1991 Fiscal Year Annual Research Report
Project/Area Number |
03660149
|
Research Institution | Niigata University |
Principal Investigator |
中田 誠 新潟大学, 農学部, 助手 (80217744)
|
Co-Investigator(Kenkyū-buntansha) |
内山 隆 千葉経済短期大学, 初等教育科, 助教授
紙谷 智彦 新潟大学, 農学部, 助教授 (40152855)
|
Keywords | 大佐渡山地 / スギ林 / ヒバ林 / ブナ林 / 植生 / 土壌 / 立木位置図 / 花粉分析 |
Research Abstract |
大佐渡山地におけるスギ林の分布は海抜約700m以上に多く、地形による土壌の乾湿に対応して,種々の林床植生型に分化していた。一方、ヒバ林は海抜約700m以下に,ブナ林は金北山(海抜1172m)の上部に分布が認められた。土壌調査の結果、スギ林下では湿性鉄型ポドゾルが広く分布し、一部の尾根の山頂で乾性ポドゼゾルが見られた。一方、ヒバ林では乾性弱ポドゾル化土壌が、ブナ林では褐色森林土が分布していた。テンションメ-タ-により測定で、ヒバ林やブナ林に比べて、スギ林の土壌が湿性的な水分環境にあることがわかった。また、スギ林ではヒバ林よりも空中湿度が高く、気象観測期間の半分以上が湿度95%以上で、いわゆる雲霧帯に含まれていた。 山毛欅ヶ平山(海抜947m)の斜面で毎木調査を行い、立木位置図を作成した。ここはスギとブナを主とした混交林で、株立ちしたものから単木状の大径木まで、様々な形態のものが認められた。林内には古い時代のスギの伐根が多数存在し、かつて樽用のスギ材を出したり、炭を焼くために広葉樹(ミズナラ、イタヤカエデ、ブナ等)がかなり伐採されたということだった。
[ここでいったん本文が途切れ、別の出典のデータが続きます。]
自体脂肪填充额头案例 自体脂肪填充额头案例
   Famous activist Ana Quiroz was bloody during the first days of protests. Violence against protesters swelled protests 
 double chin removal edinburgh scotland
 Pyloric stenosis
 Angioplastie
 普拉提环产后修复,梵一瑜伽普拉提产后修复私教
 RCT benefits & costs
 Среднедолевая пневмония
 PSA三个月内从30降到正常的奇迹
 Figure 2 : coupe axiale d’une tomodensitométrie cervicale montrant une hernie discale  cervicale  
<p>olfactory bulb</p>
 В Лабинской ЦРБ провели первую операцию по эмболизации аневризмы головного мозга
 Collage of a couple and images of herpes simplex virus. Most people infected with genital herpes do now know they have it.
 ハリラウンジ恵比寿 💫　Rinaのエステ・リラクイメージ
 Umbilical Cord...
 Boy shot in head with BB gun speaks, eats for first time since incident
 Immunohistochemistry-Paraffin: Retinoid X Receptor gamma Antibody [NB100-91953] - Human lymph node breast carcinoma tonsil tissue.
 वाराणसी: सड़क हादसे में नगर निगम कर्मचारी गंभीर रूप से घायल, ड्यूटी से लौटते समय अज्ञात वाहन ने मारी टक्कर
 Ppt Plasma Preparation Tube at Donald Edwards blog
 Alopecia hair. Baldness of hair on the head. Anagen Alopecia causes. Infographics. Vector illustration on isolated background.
そのため、今回の調査地を含む範囲は、古くから人為の影響を受けつつ、現在に至ったものと推察された。 大佐渡山地北部の小杉立(海抜800m)、同南部の乙和池(海抜600m)、そして国仲平野の水田の計3カ所で、花粉分析用サンプルを採取した。小杉立と乙和池では、いずれも有機物層の厚さは40cm程度だった。小杉立では、はじめシダ植物が優占し、シャクナゲのような低木を交えた草原状だったが、その後スギが優勢になって現在に至ったようである。一方乙和池では、花粉分析期間を通して大きな変化はなかったが、古い時代にはミズナラやアカマツが優占し、ややクリの多くなった時期を経て、ミズナラやブナの優占する現在の林相に至っていた。